_WHAT THIS TASK INVOLVES_
After locating the line that contains "aimochaplol love balance", transcribe exactly that line and each one after it until the data ends, skipping pictures.

====== EXTRACTED DATA

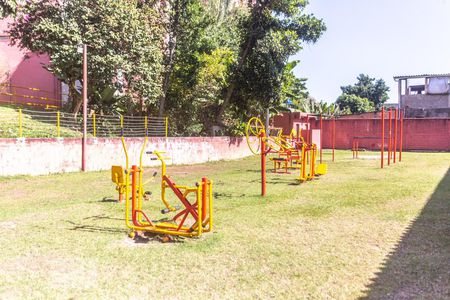 Apartamento à venda com 56m², 2 quartos e 1 vagaAcademia externa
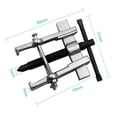 thumbnail image 3 of Extractor de engranajes Macarena 65 mm Ajustable Herramientas de mano, 3 of 7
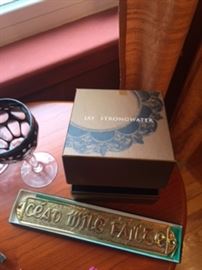 Jay Strongwater ornament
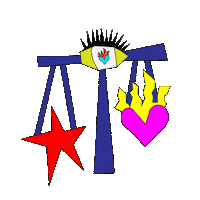 aimochaplol love balance loveletter yeahnah Sticker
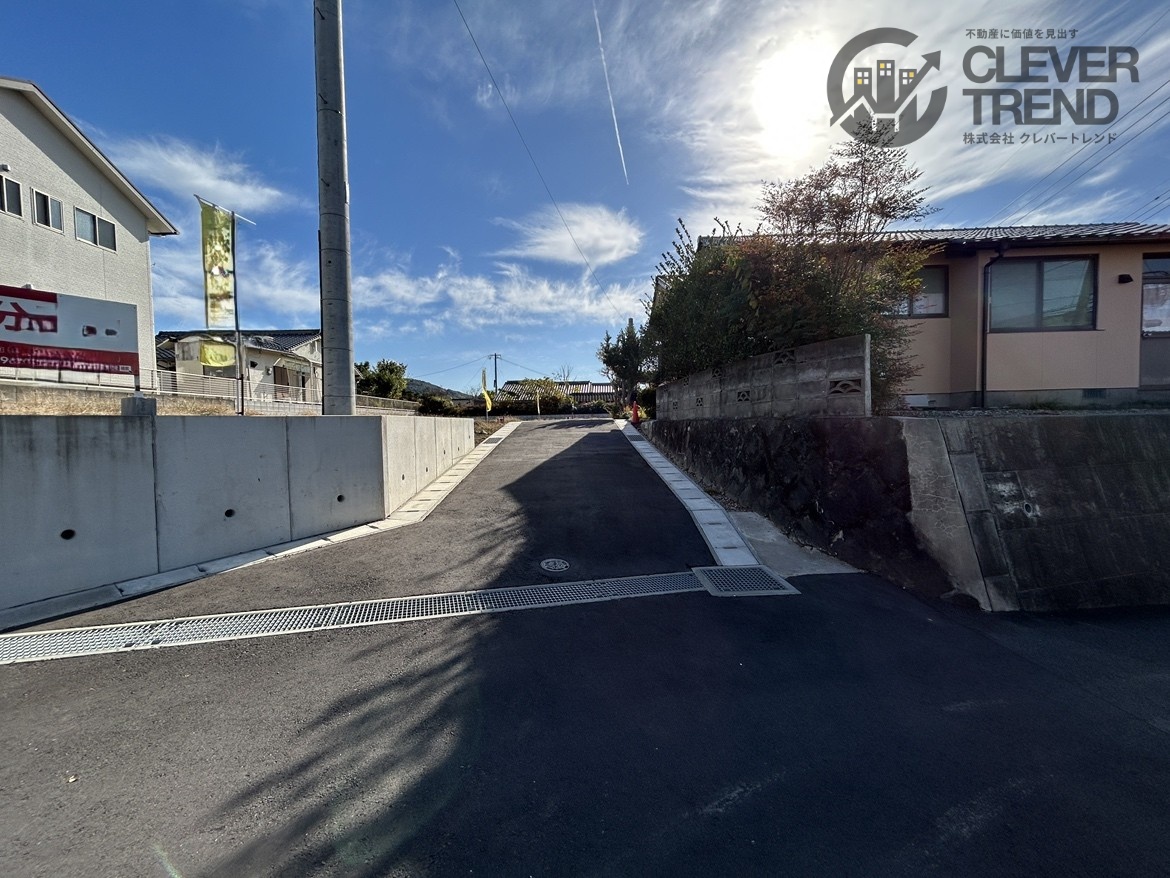 北区 清水東町 全3区画【③号地】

============

_ANSWER TO THIS TASK_
 aimochaplol love balance loveletter yeahnah Sticker
 北区 清水東町 全3区画【③号地】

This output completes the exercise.